Sermon by Leah Grace Goodwin for Sunday, March 2, 2003

Scripture: 2 Kings 2:1-14, Mark 9:2-9, Psalm 50:1-6

Most people love a good drama. Ask any network TV mogul.
In fact, I think it’s fair to say that, like it or not, the human psyche revels in - maybe even depends on -- the dramatic moment. We find reassuring meaning in the epic magnitude of those times when the throat catches, the heart pounds, and every second vibrates, strained nearly to the breaking point with almost more meaning than it can hold.
And boy, did we hit the jackpot with this Sunday’s scripture readings. Mark and 2nd Kings have got it all - lonely mountaintops, dazzling white raiment, phantasmagorical prophets, overshadowing clouds, mighty rivers rolled back like so much parchment, fire and whirlwind. Whoever wrote the narrative for the Ascension of Elijah story should get an Academy Award for best screenplay.
Now, Elijah gets the bulk of the special effects budget in this story, with his dramatic (and highly flammable) exit, but I want to think about his protegee, Elisha. I suspect he has a great deal to tell us about a variety of subjects, among them discipleship, loss, and grief, not to mention the challenge of public life. And we will touch on all of these ideas along the way. But what grabs me hardest about this tale is Elisha’s faith. Elisha is faith -FILLED: he is willing to leap into unknown territory, to take a shot at stunts that seem impossible, even absurd, by human standards. He is also faith-FULL: devoted to his master, his God, and the “stiff-necked people” that are his countrymen.
That faith, my friends, that devotion and hope and divinely dependent recklessness, is what the Spirit calls me to speak on today.
A little context would help us cope with this rather mindboggling tale.
So - it is, roughly speaking, the eighth century before Christ. Israel is divided into two kingdoms, with two rival rulers, and the region is in upheaval. Elijah is the preeminent prophet of the day. He has a plethora of miracles under his leather belt,, not least of which is his recent success in winning a sacrificial altar-lighting contest with the prophets of Baal. Elijah is a cowboy, a renegade. Oscar Wilde once said that a person “should always be a little improbable” - and indeed, Elijah was more than a little improbable. I imagine he would have been an amazing master and teacher to Elisha, and a difficult one.
Elisha, meanwhile, is Elijah’s protegee, his student, his servant. He has followed Elijah ever since the day the prophet found him plowing a field and threw his mantle, that symbol of prophetic power, over Elisha’s head. He is fiercely loyal to his master. Three times Elijah suggests that Elisha should stay behind, and three times Elisha refuses. “No, master”, he says. “As the Lord lives, and as you yourself live, I will not leave you.”

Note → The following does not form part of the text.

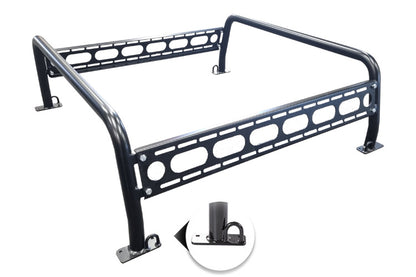 Roof Mount Bars with Side Panels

And so they set off on their journey from Gilgal, to Bethel and Jericho and finally to the Jordan - all significant places in the history of Israel. Essentially, they are “strolling down memory lane”, except that the stroll is more like a forced march, and this memory lane is hot and dusty and full of people reminding Elisha of the uncomfortable fact that his master is about to leave him. When they arrive at the Jordan and cross it, Elisha’s heart is surely heavy with the weight of grief. His gut is very likely flipflopping with anxiety about filling his master’s shoes. And when Elijah departs, all fire and wind and horses and chariots, Elisha is left to wonder if, in fact, he saw what he was supposed to in order to inherit that double portion of Spirit he wants so desperately. “Father, father!” he says. “The Chariots of Israel and their horsemen” - as if to say look, look I see them! Just for the record, I see them!
But for all its pyrotechnic splendor, Elisha receives no confirmation that this was, in fact, what he was supposed to see. There is no receipt left behind to account for the Spirit he was supposed to have gained. There IS, however, a river to cross and a prophetic job to do.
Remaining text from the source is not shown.